Parker came up after a time to say that Mrs. Latimer had called to see him; but even at this Stacey felt nothing save a little surprise.

He went down at once and greeted Mrs. Latimer pleasantly. She looked, he thought, rather worn, faintly older; but he said to himself that this was probably the effect of the cruel morning light. Moreover, as soon as she spoke and smiled, the impression vanished, as carelessly as it had come.

“Of course you don’t want to see me or you’d have come to my house,” she said, “but I really wanted to see you, so I couldn’t resist coming. Silly, wasn’t it?”

“Not at all,” he replied. “An excellent idea. What the Italians call geniale. Piquant, too, with just a touch of impropriety about it, since if we had been of the same age we’d undoubtedly have married.”

He was merely saying words, letting them say themselves, but Mrs. Latimer flushed like a girl. “Stacey!” she cried. “Shame on you!”

“Come on up to my study, if you don’t mind climbing the stairs,” he suggested. “That will make it still worse.”

She laughed, and they went up. But when they had sat down they both became silent.

“How’s Marian and the new ménage?” Stacey asked, after a moment.

Mrs. Latimer gave him a quick curious glance, but there was nothing except polite interest in his face and tone. Nor, indeed, was there more than that in his thoughts. He asked after Marian because she had been recalled to his mind the night before and because Mrs. Latimer was her mother.

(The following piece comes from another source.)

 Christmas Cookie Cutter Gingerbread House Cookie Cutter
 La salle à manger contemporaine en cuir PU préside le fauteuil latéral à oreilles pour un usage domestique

“To tell the truth, I don’t know,” she replied. “I don’t think Marian is particularly happy, but then I don’t think she ever was. Marian is enigmatic because she has two such different sides to her nature that neither can be the truth about her. And what that truth is, I, for one, have long since given up trying to discover. Marian seems to me to drift, rather carelessly and recklessly, as though she were saying: ‘What does it matter? It’s not really I who am drifting.’ ”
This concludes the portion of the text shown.